Suzanne is a song written by Canadian poet and musician
Leonard Cohen in the 1960s. It has become one of the most-covered songs in
Cohen's catalogue. In 2006, Pitchfork Media listed the song #41 on their list
of 'The Top Songs of the 1960s'.
Leonard Cohen specified, notably in a BBC interview, that the
song was about encountering Suzanne Verdal, the then girlfriend of sculptor
Armand Vaillancourt, in a Montreal setting. Indeed, many lines describe
different elements of the city, including its river and a little chapel near
the harbour, called Notre-Dame-de-Bon-Secours, which sits on the side of the
harbour that faces the rising sun in the morning, as it is described in the
song.
Suzanne Verdal was interviewed by CBC News's The National in
2006 about the song.
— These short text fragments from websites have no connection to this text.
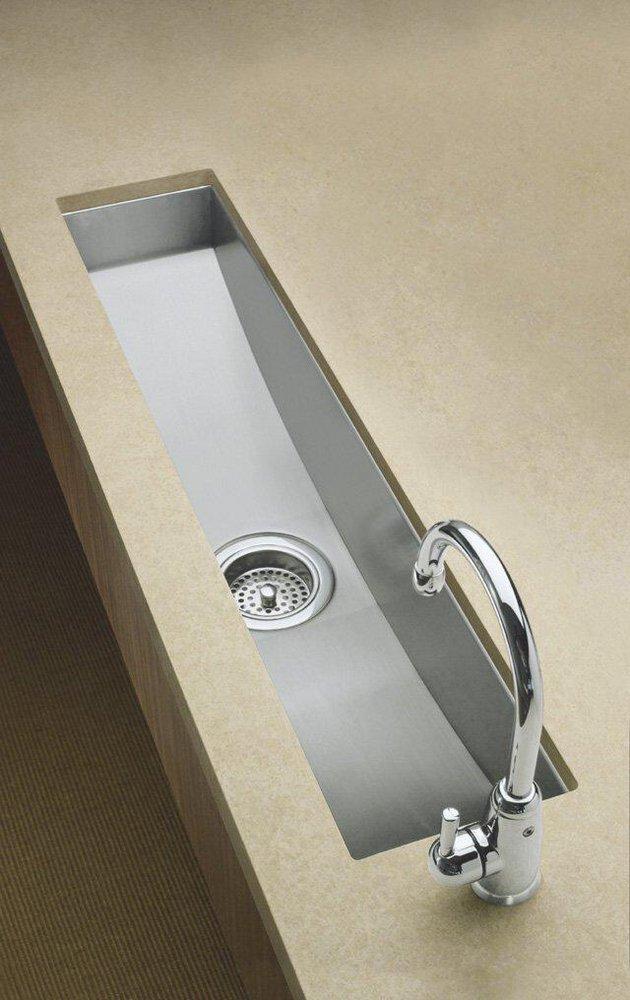KOHLER Stainless Steel Single Bowl Undermount Trough Kitchen Sink, Includes Wire Basket and Rack 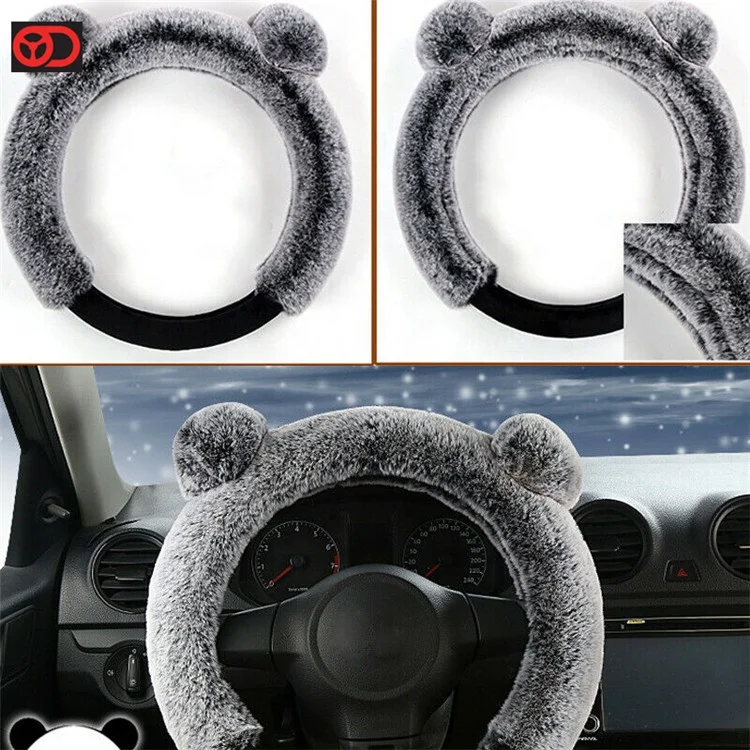 
New Auto Spare Parts Fur Wool Fluffy Car Accessories Warm Plush Car Steering Wheel Cover Gray for Accesorios Para Autos 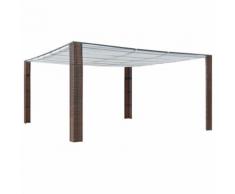 vidaXL Pavillon mit Dach Poly Rattan 400x400x200 cm Braun und Creme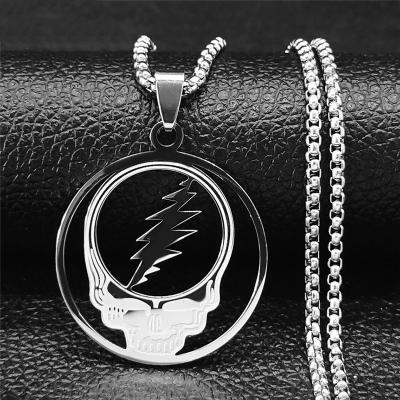 China Hip Hop Punk Hollow Around Necklace Stainless Steel Pendant Chain Necklaces For Mens Womens for sale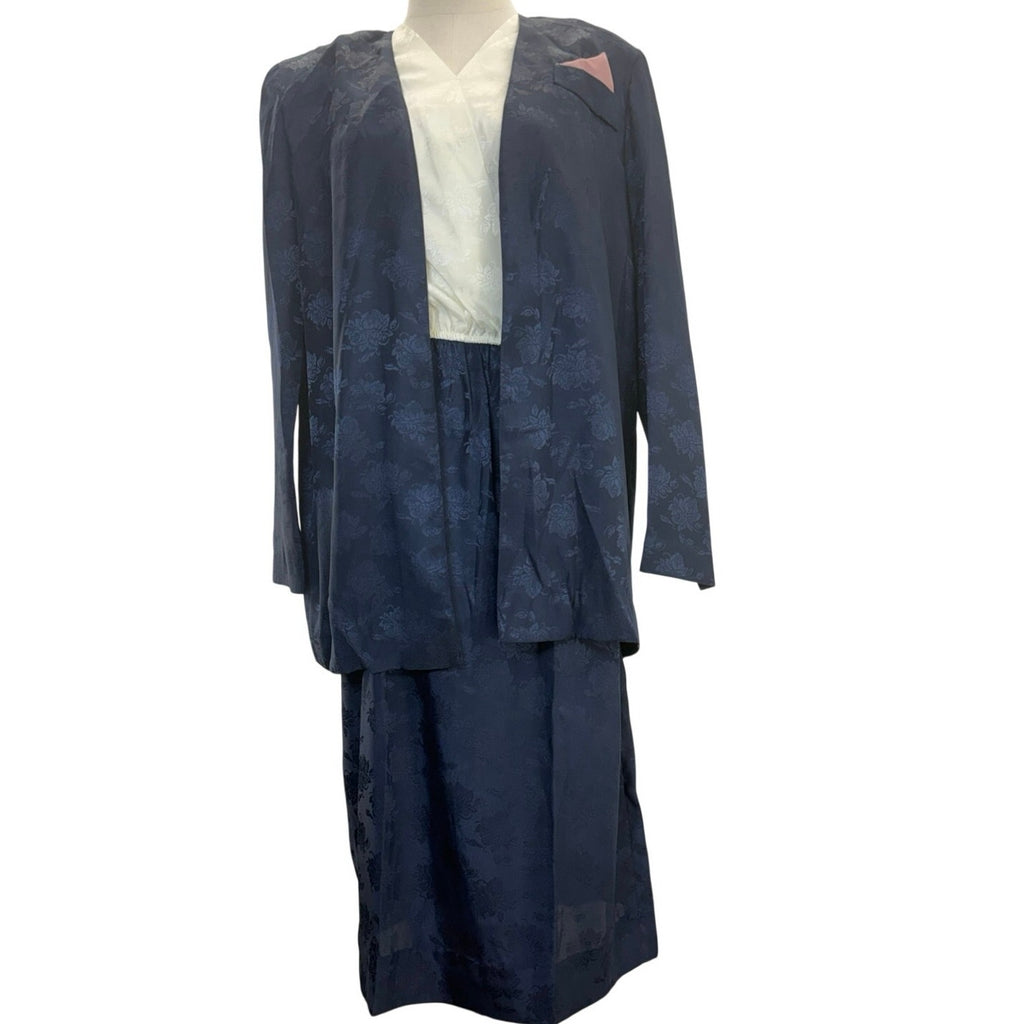 Vintage 70s Women's 12 Leslie Fay Petites Navy White Dress Jacket Set USA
Verdal claims that she and Cohen never had sexual
relations, contrary to what some interpretations of the song suggest. Cohen
himself stated in a 1994 BBC interview that he only imagined having sex with
her, as there was neither the opportunity nor inclination to actually go
through with it. She says she has met Cohen twice since the song's initial
popularity; once after a concert Cohen performed in the 1970s and once in
passing in the 1990s when she danced for him, but Cohen did not speak to her.
Verdal never benefited financially from the song's enormous commercial success.
In any case, its lyrics first appeared as the poem
"Suzanne Takes You Down" in Cohen's 1966 book of poetry Parasites of
Heaven, admittedly because of lack of new material.